Preceded by a brief responsory, the Offertory, the fourth Mass Proper, is a short prescribed text referring to the Assumption and the rejoicing of the Angels. The full choir next sings the first half of the exquisite six-part motet Vidi speciosam by Victoria, which takes its text from the first Responsory at Matins for the Feast of the Assumption. The Preface, a chanted prayer with four opening responsories, urges worshippers to lift up their hearts to God, to offer thanks to him; and to join together in praising, blessing and proclaiming the Assumption of the Blessed Virgin Mary.

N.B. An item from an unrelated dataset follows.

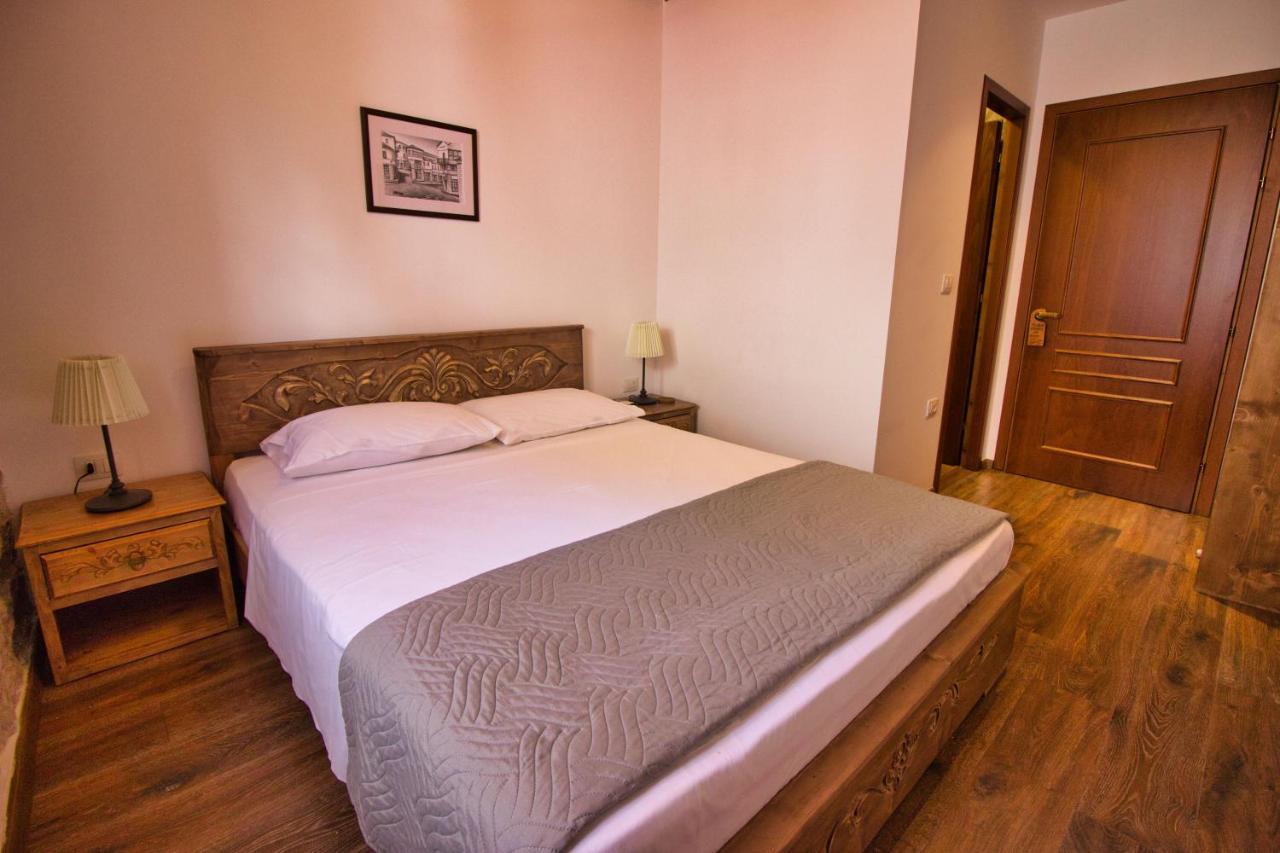 4 Rooms Gjirokastra Buitenkant foto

The Sanctus, the fourth movement of the Mass Ordinary, follows, sung by the full choir. Once again the ‘Gaudeamus’ incipit in long notes is skilfully woven into the texture of the music by the second tenor and baritone voices, and, in the reduced-voice section ‘Pleni sunt caeli’, by the first tenor. The first section of the Benedictus—the fifth movement of the Mass Ordinary, also sung by the full choir—is for four voices, but the final Hosanna section is for six voices with the ‘Gaudeamus’ motif returning in the second tenor at the end.
The Pater noster, the chanted prayer ‘Our Father, which art in heaven’, is introduced with a short responsory, before the full choir sings the two Agnus Dei movements that end the Mass Ordinary. The first is in six voices; the second is in seven, having an extra baritone part to accommodate a new polyphonic device, a canon at the octave between the second alto part and the first baritone part. Both canonic parts retain the Gaudeamus omnes words sung in long notes and this and the addition of an extra voice produce imposing sonorities and a great sense of spaciousness which provide an impressive finish to the Mass.
The fifth Mass Proper, Communion, is a short chanted text referring back to the Gospel tale of Mary and Martha. This is followed by the second part of the Victoria’s motet Vidi speciosam, ‘Quae est ista’, sung by the full choir. The Post-communion is the last Mass Proper. After a brief opening responsory, the chant celebrates the Assumption and asks for the remission of sins through the intercession of the Blessed Virgin Mary. The final item in this festal celebration of Mass for the Assumption is another recercar by Frecobaldi. The organ music is in four parts with an optional extra fifth part for chant. The organ parts weave a close texture of imitative writing derived from the ‘Gaudeamus’ motif while the vocal part, using the same motif in longer notes, soars above the texture periodically enunciating the words ‘Sancta Maria, ora pro nobis’ (‘Holy Mary, pray for us’) to provide a moving conclusion to the whole Mass.